Uma das grandes características do cinema de gênero é não se rebelar contra as convenções. Nu segue a cartilha mas fascina (de uma maneira provocante) com o jogo erótico entre dois jovens que se entregam aos seus instintos. As consequências, bem, coloque dois jovens sozinhos em um bosque em um filme de terror. 

Não chore na mesa de jantar

Não chore na mesa de jantar (No crying at the dinner table, Canadá, 2019), de Carol Nguyen. Com Thao Nguyen, Ngoc Nguyen, Michelle Nguyen. 

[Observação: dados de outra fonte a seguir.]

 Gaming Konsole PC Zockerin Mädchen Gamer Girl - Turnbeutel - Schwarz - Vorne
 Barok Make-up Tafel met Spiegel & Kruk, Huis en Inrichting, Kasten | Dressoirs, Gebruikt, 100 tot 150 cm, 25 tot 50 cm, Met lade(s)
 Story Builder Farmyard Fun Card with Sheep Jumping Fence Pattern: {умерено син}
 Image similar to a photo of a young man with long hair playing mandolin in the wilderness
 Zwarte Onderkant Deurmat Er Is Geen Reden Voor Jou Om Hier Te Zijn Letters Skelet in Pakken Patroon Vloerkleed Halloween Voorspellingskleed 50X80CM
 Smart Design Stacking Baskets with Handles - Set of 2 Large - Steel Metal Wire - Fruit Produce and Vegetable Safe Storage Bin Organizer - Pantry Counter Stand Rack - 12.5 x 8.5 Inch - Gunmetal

O filme abre em plano fechado dos três membros da família de Carol Nguyen em uma pequena mesa de cozinha. A diretora explica a eles em off:, Mamãe, papai e Michelle (sua irmã). Na quinta-feira, cada um de vocês fez entrevistas individuais. Quando vocês concordarem em fazer este projeto, todos sabiam que todos ouviremos as entrevistas da nossa família.  Mas hoje quero reproduzir as entrevistas para vocês. Então, vamos ouvir.”

A abertura revela o tom intimista, corajoso e desafiador do documentário. Em uma mesa de jantar, os três vão se defrontar com lembranças, revelações simples de uma família que provocam o emocional. 

Neste ano de 2019, Carol Nguyen teve dois filmes  incluídos na lista dos dez melhores curtas do Canadá: Nanitic e Não chore na mesa de jantar

Delphine

Delphine (Canadá, 2019), de Chloé Robichaud, é narrado por Nicole, já adulta. Ela lembra de suas experiências na infância quando estudou em uma escola particular em Ville Saint-Laurent: “A minha mãe me mandou para lá porque os primos também foram para lá. É reconfortante para pais imigrantes saber que os seus filhos frequentam escolas particulares com os primos. Foi lá que conheci Delphine.”

Delphine é uma criança libanesa que acabara de se mudar para o Canadá. Segundo Nicole, ela ainda não falava francês e dizia “sim” para tudo. As outras crianças da escola praticam bullying com Delphine, dizendo coisas como “você fede a cogumelo”, se divertindo quando ela diz “sim”. 

O curta-metragem é um olhar cruel, sincero e sensível sobre o preconceito, o pesadelo que atitudes de bullying podem transformar a vida de uma criança. A sensibilidade de Nicole a coloca ao lado de Delphine, que se torna cada vez mais introspectiva. As atuações das estrelas infantis Daria Oliel-Sabbag (Delphine) e Ines Feghouli Bozon (Nicole) – que depois vão ser representadas por outras atrizes na adolescência – conferem à narrativa esse olhar doce, compreensível, que se transforma em colaboração mútua entre crianças e adolescentes.

Nathalie Doummar, roteirista, adaptou sua própria peça teatral Delphine de Ville Saint-Laurent. A película estreou no Festival de Cinema de Veneza e ganhou o prêmio de melhor curta-metragem do Festival Internacional de Cinema de Toronto. Entrou, ainda, para a lista anual dos dez melhores curtas  do Canadá, país que, tradicionalmente, incentiva a produção de filmes neste formato.